Evidence of meeting #38 for Transport, Infrastructure and Communities in the 41st Parliament, 1st Session. (The original version is on Parliament’s site, as are the minutes.) The winning word was vehicle.

A recording is available from Parliament.

On the agenda

MPs speaking

Also speaking

Timothy Egan  President and Chief Executive Officer, Canadian Gas Association
Alicia Milner  President, Canadian Natural Gas Vehicle Alliance
Tim Sanford  Director of Sales, Compression Technology Corporation

9:35 a.m.

Conservative

Pierre Poilievre Conservative Nepean—Carleton, ON

They are strictly natural gas?

9:35 a.m.

President, Canadian Natural Gas Vehicle Alliance

Alicia Milner

Yes. They are bi-fuel. They will start on gasoline, switch over when the engine reaches the right temperature, and then operate on natural gas.

9:35 a.m.

Conservative

Pierre Poilievre Conservative Nepean—Carleton, ON

Can they run exclusively on gasoline?

9:35 a.m.

President, Canadian Natural Gas Vehicle Alliance

Alicia Milner

Yes, they can. That's where maybe it wasn't clear. The Honda Civic, being dedicated, can operate only on natural gas. Typically, bi-fuel is the way you go.

9:35 a.m.

Conservative

Pierre Poilievre Conservative Nepean—Carleton, ON

This is the problem. If I want to install a home refuelling system and run my vehicle principally on natural gas, in the existing Canadian distribution environment I can do that as long as I have the option to switch over to gasoline when necessary.

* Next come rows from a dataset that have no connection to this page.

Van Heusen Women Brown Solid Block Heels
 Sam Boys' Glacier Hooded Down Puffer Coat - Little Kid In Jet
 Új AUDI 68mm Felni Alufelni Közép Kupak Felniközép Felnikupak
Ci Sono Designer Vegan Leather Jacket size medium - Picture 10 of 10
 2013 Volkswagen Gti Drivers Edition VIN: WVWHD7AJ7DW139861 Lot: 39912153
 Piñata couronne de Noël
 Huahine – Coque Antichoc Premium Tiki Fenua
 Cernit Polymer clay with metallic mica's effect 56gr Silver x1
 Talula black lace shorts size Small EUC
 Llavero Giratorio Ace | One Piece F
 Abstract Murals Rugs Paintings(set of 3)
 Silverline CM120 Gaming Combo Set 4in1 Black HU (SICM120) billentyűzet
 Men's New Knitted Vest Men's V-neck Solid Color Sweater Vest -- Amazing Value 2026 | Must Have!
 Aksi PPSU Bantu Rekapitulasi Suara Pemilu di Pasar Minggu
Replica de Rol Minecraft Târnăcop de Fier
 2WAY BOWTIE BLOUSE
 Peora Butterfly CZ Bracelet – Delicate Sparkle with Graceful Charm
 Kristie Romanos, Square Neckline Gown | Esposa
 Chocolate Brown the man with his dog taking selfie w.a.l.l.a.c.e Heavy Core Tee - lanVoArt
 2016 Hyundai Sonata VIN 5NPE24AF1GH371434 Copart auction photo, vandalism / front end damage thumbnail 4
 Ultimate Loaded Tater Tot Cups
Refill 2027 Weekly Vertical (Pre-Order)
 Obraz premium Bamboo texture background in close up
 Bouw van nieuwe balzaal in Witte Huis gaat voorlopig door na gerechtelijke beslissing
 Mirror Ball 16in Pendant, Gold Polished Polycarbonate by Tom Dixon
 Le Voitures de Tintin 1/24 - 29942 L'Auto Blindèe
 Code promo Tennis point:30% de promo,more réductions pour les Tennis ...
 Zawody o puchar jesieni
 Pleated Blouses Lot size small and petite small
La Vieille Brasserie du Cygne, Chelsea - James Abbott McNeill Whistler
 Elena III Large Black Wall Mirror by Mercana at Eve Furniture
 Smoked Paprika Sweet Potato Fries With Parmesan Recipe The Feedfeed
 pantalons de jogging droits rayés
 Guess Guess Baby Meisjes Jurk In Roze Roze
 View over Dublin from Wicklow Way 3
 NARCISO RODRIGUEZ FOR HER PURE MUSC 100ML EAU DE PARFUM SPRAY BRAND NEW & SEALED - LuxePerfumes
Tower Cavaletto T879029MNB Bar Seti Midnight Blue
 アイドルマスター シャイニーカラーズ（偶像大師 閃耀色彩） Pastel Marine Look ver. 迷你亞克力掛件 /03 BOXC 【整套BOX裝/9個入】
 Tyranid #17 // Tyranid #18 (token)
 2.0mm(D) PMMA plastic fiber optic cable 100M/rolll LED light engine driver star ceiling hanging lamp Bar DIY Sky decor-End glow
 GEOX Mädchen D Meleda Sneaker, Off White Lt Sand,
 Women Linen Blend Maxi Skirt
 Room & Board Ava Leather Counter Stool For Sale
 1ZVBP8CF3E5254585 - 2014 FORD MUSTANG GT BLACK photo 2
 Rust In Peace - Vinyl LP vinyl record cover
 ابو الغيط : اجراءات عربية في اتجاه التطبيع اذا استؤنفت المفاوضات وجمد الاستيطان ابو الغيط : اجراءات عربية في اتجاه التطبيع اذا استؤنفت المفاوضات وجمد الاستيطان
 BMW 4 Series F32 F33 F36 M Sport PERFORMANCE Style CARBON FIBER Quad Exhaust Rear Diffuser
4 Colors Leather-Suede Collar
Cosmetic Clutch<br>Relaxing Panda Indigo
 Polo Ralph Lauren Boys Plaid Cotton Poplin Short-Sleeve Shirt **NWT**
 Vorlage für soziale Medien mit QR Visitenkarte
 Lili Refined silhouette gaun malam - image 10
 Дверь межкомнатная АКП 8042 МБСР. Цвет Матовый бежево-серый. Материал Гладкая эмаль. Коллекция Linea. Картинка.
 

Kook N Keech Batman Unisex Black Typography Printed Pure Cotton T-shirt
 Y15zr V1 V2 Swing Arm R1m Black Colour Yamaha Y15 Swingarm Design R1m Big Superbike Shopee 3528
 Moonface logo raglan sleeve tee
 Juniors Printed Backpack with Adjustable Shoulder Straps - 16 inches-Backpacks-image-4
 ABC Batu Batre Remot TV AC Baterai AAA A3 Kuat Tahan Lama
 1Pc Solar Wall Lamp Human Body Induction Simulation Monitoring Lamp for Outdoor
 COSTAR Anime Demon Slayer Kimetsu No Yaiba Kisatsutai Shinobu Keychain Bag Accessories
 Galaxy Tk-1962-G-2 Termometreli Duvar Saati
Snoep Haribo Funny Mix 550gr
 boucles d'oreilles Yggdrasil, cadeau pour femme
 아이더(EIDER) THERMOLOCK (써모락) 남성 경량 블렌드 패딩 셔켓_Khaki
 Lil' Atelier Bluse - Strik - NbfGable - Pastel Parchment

For example, in an average week I could fuel my car with natural gas at my home, drive myself to work and back and wherever else, and always be able to refuel at home without the necessity of relying on a public filling station. But if I decide I'm going to drive to Saskatchewan to visit family, I cannot guarantee I'm going to find natural gas stations all along the way. As a consumer, I would need to have the possibility to run on gasoline as a bridge fuel until the infrastructure for the distribution of natural gas is broadly in place.

Why don't you see that happening? Why aren't the OEMs recognizing the need to bridge between gasoline and natural gas by offering a hybrid product?

9:40 a.m.

President, Canadian Natural Gas Vehicle Alliance

Alicia Milner

I think they're starting to get there, now that we see availability from GM and Chrysler. Ford is also working with Westport to offer a product. I think it's coming, but for them it's strictly about cost: x amount to engineer the product, yamount to manufacture it, and they've got to make sure they're going to sell enough units to make that worth their while.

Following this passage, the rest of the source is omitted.